594 F.2d 638, 18 Fair Empl. Prac. Cas. (BNA) 1335, 1979 U.S. App. LEXIS 17908, 18 Empl. Prac. Dec. (CCH) 8765
CourtCourt of Appeals for the Eighth Circuit
DecidedJanuary 2, 1979
DocketNos. 78-1446, 78-1460
StatusPublished
Cited by83 cases

This text of 594 F.2d 638 (Cleverly v. Western Electric Co.) is published on Counsel Stack Legal Research, covering Court of Appeals for the Eighth Circuit primary law. Counsel Stack provides free access to over 12 million legal documents including statutes, case law, regulations, and constitutions.

Bluebook
Cleverly v. Western Electric Co., 594 F.2d 638, 18 Fair Empl. Prac. Cas. (BNA) 1335, 1979 U.S. App. LEXIS 17908, 18 Empl. Prac. Dec. (CCH) 8765 (8th Cir. 1979).

Opinion

PER CURIAM.

This is an appeal from a judgment entered by the District Court, which is reported as Cleverly v. Western Elec. Co., Inc., 450 F.Supp. 507 (W.D.Mo.1978). John E. Cleverly, who had been employed by Western Electric as an engineer, brought this action against the Company, claiming that he was unlawfully discharged because of his age in violation of the Age Discrimination in Employment Act of 1967 (ADEA), 29 U.S.C. §§ 621 et seq. He sought reinstatement, lost wages, liquidated damages, and attorney’s fees.

The District Court properly found, as a preliminary matter, that Cleverly was entitled to a trial by jury as to the issues of lost wages (actual damages) and liquidated (partially punitive) damages. Id. at 508. See Lorillard v. Pons, 434 U.S. 575, 98 S.Ct. 866, 55 L.Ed.2d 40 (1978). The jury found that Cleverly had been a victim of age discrimination, and awarded him $14,769.74 in actual damages, which represented lost wages from the date of his discharge in February, 1974 until the time of trial in September, 1976. The jury found for Western Electric on the issue of liquidated damages. Western Electric filed post-trial motions for judgment in accordance with its motion for a directed verdict, or alternatively, for a new trial. These motions were denied by the District Court. Cleverly v. Western Electric Co., Inc., supra at 509-511.
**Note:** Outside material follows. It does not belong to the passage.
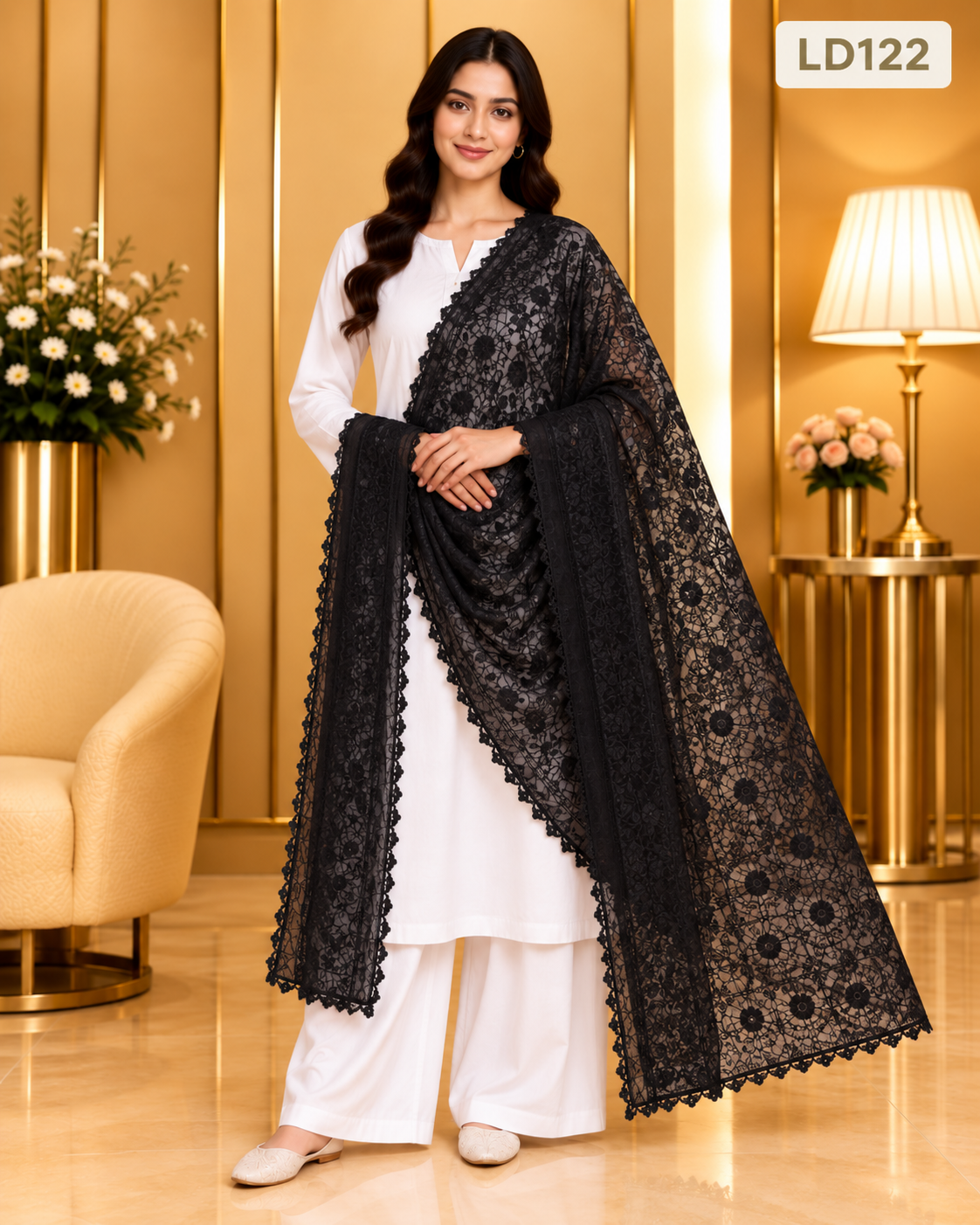 Premium Embroidered Ladies Dupatta-LD122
The equitable issues in the case, including Cleverly’s request for reinstatement and lost pension benefits,1 were tried to the court. The equitable issues were submitted on the record made in the jury trial and in a supplemental nonjury evidentiary hearing held on February 2, 1977. On April 14, 1978, the District Court entered its final judgment in the case. In addition to denying Western Electric’s motions for judgment notwithstanding the verdict or for a new trial, as recited above, the District Court held that “[t]he same grounds * * that support the finding of a submissible case of wrongful discharge are adopted as the basis for the equitable finding that [Cleverly’s] age was a factor in his discharge in violation of the ADEA, and that [Cleverly] has suffered damages irreparable at law as a result of his wrongful discharge.” The court then held that since the work force of Western Electric had been continually reduced for permissible business reasons “from the date of [Cleverly’s] discharge to the present,” he was not entitled to present reinstatement. The court did award Cleverly retroactive reinstatement from the date of his discharge until “at least August 1, 1975, when his pension rights would have vested.” The court also awarded Cleverly attorney’s fees in the amount of $9,603.00. Id. at 511-512.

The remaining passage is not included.